Every day we find new ways in which the coronavirus has turned the world upside down. Today, BoomerCafé co-founder and publisher David Henderson, himself a former correspondent for CBS News, writes about TV news, and how its people have had to adapt.
Television news operations across the United States and around the world are stretched to the limits of staffing, technology, and accuracy as they work to cover just one story unprecedented in its impact on baby boomers, and on every generation younger and older: coronavirus. In many cases, these challenges have led to shrewd solutions.
In fact, if you’ve been paying attention, you’ve probably seen some of them on the air without quite knowing, at the outset anyway, exactly what you were seeing. Anchors, reporters, correspondents for the networks, they looked like they were more “on-couch” than on-scene. Or, on-desk, on dining table, on fireplace hearth.
Take, for example, this TV news anchorman in Seattle. With strict social distancing rules in place at his station, he’s live on the air… from his bedroom! A giant mural photo of the newsroom is taped to the wall behind him… a flat screen TV sits on his dresser to show news clips and graphics… and he reads from his laptop sitting on a music stand. The camera? It’s a smartphone mounted inside a special “halo” light.
The setup might seem a bit rudimentary and you might expect the final result on the air to look like a broadcast from the early days of television, but today— aside from some very homey backdrops that give away the secret— it’s hard to tell the difference, given the quality of technology.

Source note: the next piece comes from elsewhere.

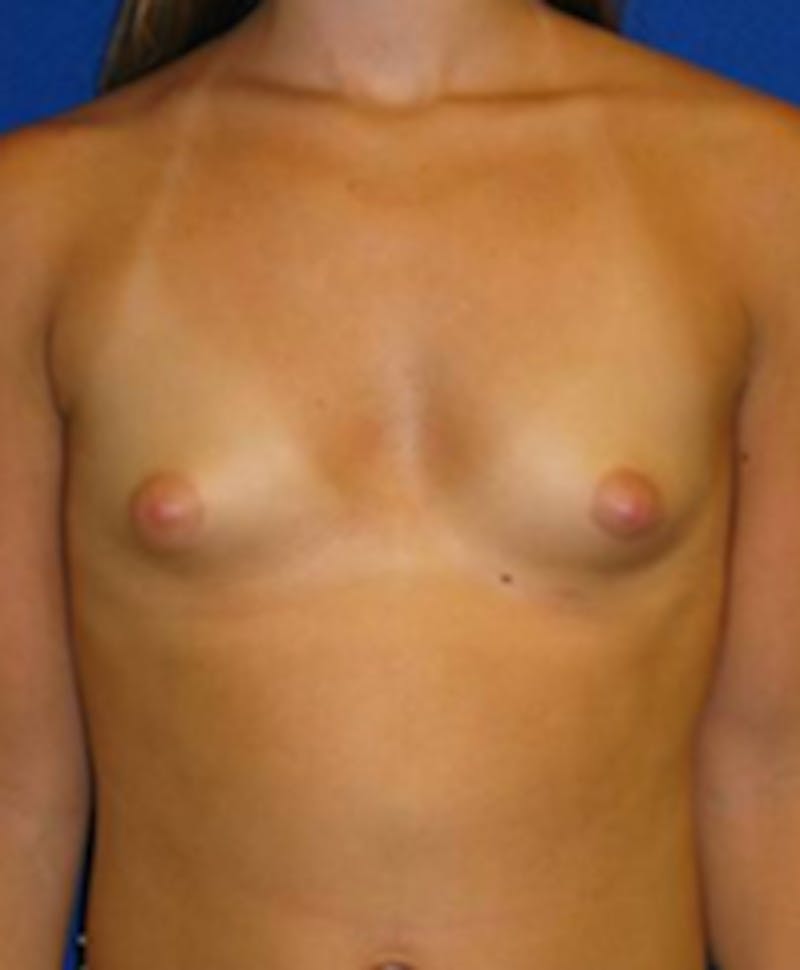 Augmentation Before & After Gallery - Patient 175169594 - Image 1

In fact we’re seeing it all across America, with anchors and reporters on the air from their homes or any other places that work. CNN’s Anderson Cooper is broadcasting from an empty car showroom on 54th Street on New York’s West Side. A camera and all the technical gear he needs is there at his position except for one thing: anyone else! At the improvised anchor desk, Cooper is alone. A couple of technicians and support staff keep their “social distance,” including from each other.
At ABC News, although the network still wants its four London-based correspondents to report from the scene when it’s safe, all four also now have iPhones set up in their homes, when it’s not.
In “normal times,” a newsroom is a bustling, crowded, and usually noisy place teeming with constant deadlines and expectations. No so today. Some newsrooms, like the massive CBS News Broadcast Center in New York, are closed after employees tested positive for coronavirus.
In a situation like that, everyone, it seems, has to “call it in.”